Calculating the volume of $HCl$,

$0.0050 mol HCl\times \frac{1 L}{0.0100 mol}=0.50 L HCl$

Converting volume in L to mL

$0.50 L HCl\times \frac{1000 mL}{1 L}=500.0 mL HCl$

Therefore, $500.0 mL 0.100 M HCl$ is required to titrate with $250 mL of 0.0100 M {Na}_{2}C{O}_3$.

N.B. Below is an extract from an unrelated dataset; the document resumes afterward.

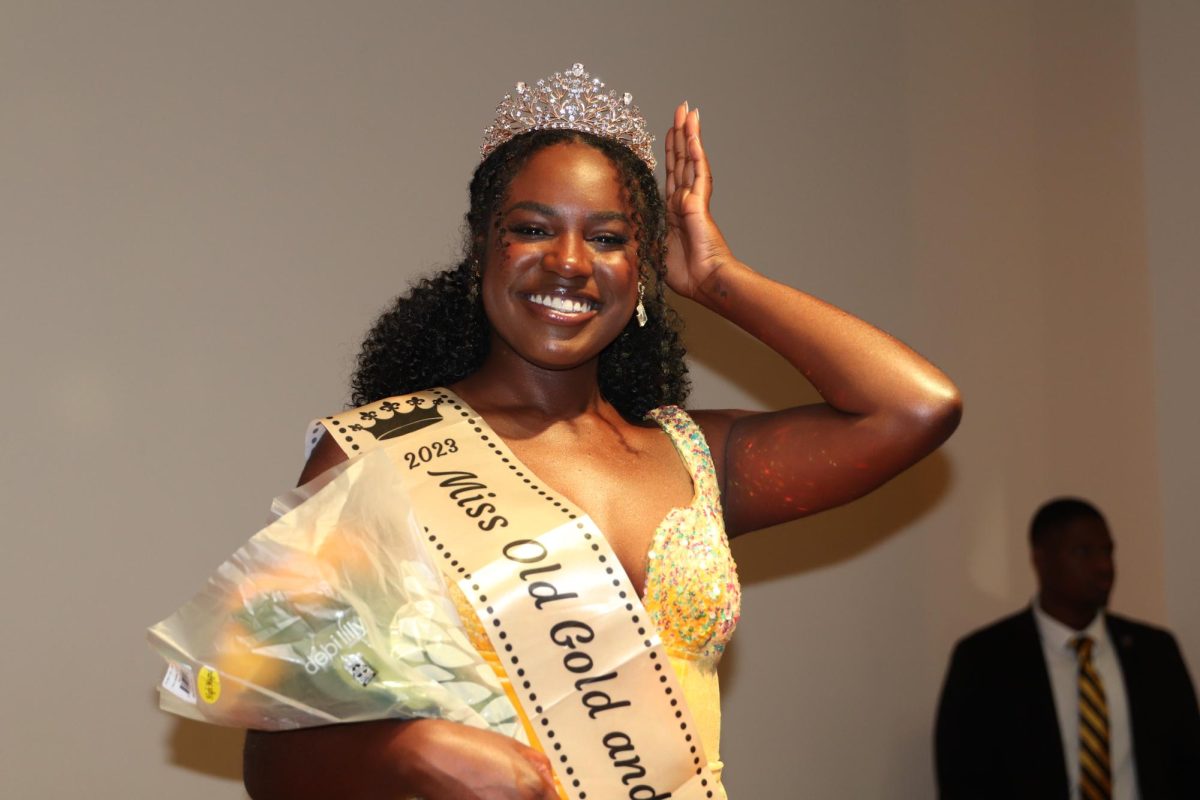 The newly crowned Miss Black and Gold Zsane Wicker doing a walk around the stage with her crown and bouquet at the pageant.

b) The volume of $0.0100 M HCl$  required to titrate $250 mL of 0.0100 M HC{O}_3^{-}$

Converting the volume in mL to L

$250 mL HC{O}_3^{-}\times \frac{1 L}{1000 mL}=0.250 L HC{O}_3^{-}$

Calculating the moles of $HC{O}_3^{-}$

$Mol of HC{O}_3^{-}=\frac{0.0100 mol}{1 L}\times 0.250 L=0.00250 mol$

The reaction for titration of $HCl$ and $HC{O}_3^{-}$ is

$HC{O}_3^{-}\left(aq\right)+H^{+}\left(aq\right)\to H_{2}C{O}_3$

The mole ratio of $HC{O}_3^{-}:H^{+}$ is 1:1

Therefore, moles of $H^{+}$ i.e. $HCl$ required are

$0.00250 mol HC{O}_3^{-}\times \frac{1 mol H^{+} }{1 mol HC{O}_3^{-}}=0.00250 mol H^{+}$

i.e. $Moles of HCl=0.000250 mol$

Calculating the volume of $HCl$

$0.00250 mol HCl\times \frac{1 L}{0.0100 mol}=0.250 L HCl$

Converting volume in L to mL

$0.250 L HCl\times \frac{1000 mL}{1 L}=250.0 mL HCl$

Therefore, $250.0 mL 0.100 M HCl s required to titrate with 250 mL of 0.0100 M HC{O}_3^{-}.$

Conclusion:

Stoichiometry of the reaction of carbonate and bicarbonate ions with a strong acid such as $HCl$ can be used to find the volume of $HCl$ required to reach the equivalence points.